- _Your assignment_
Only the lines from the one containing "f0130894_2111032.jpg" through the end of the entries should be returned, exactly as they are, with the pictures omitted.

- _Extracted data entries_
* * * * *
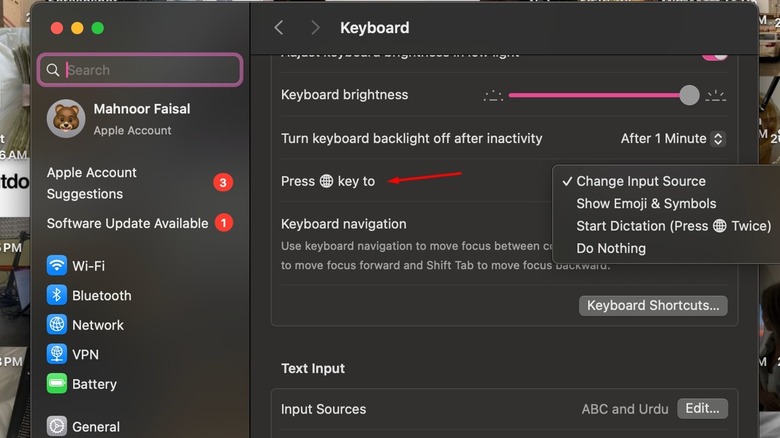 시스템 설정의 키보드 섹션에서 FN 키를 눌러 옵션을 누릅니다.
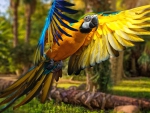 Macaw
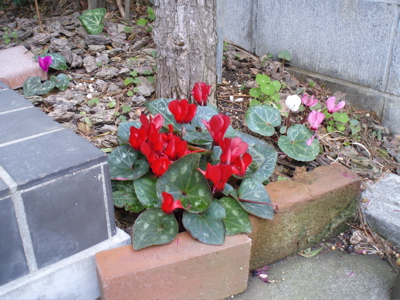 f0130894_2111032.jpg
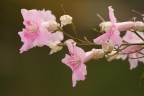 Pink Flower Pink Flower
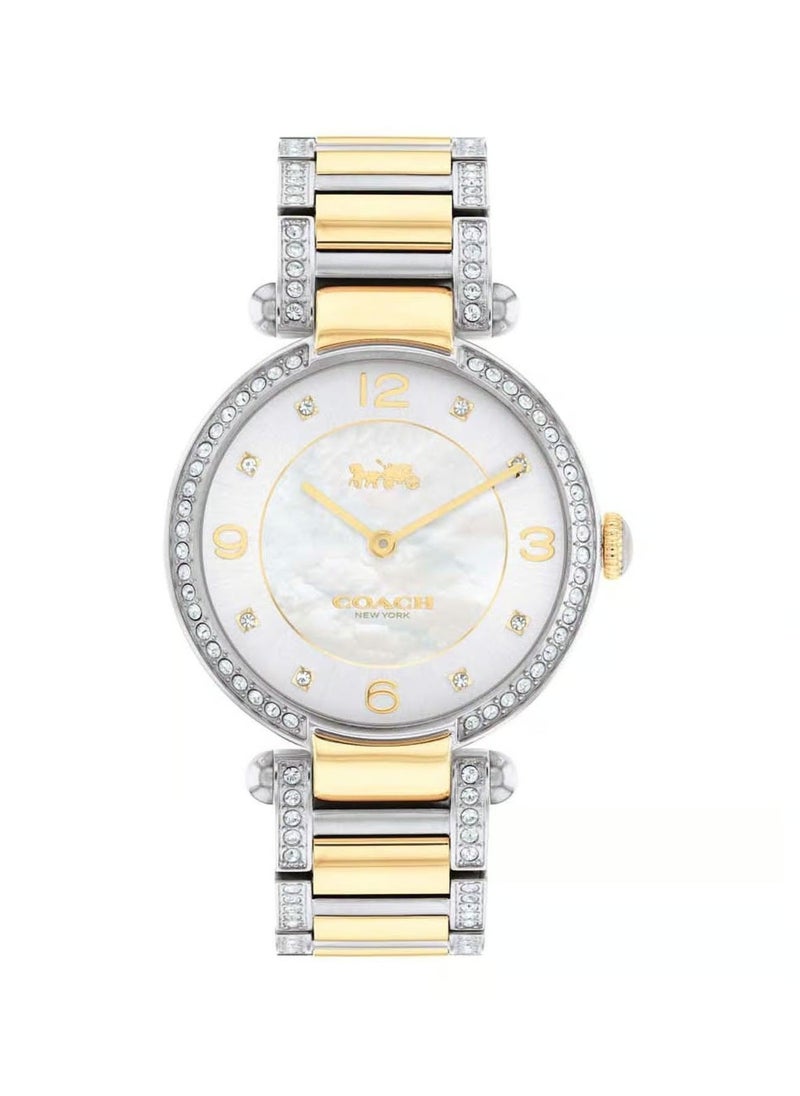 Cary Analog Watch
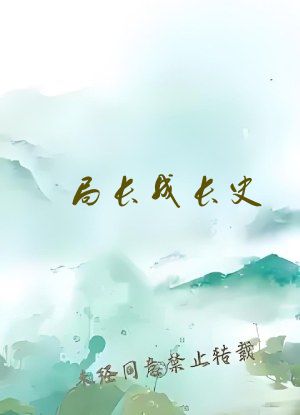 局长成长史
* * * * *
- _Expected answer_
 f0130894_2111032.jpg
 Pink Flower Pink Flower
 Cary Analog Watch
 局长成长史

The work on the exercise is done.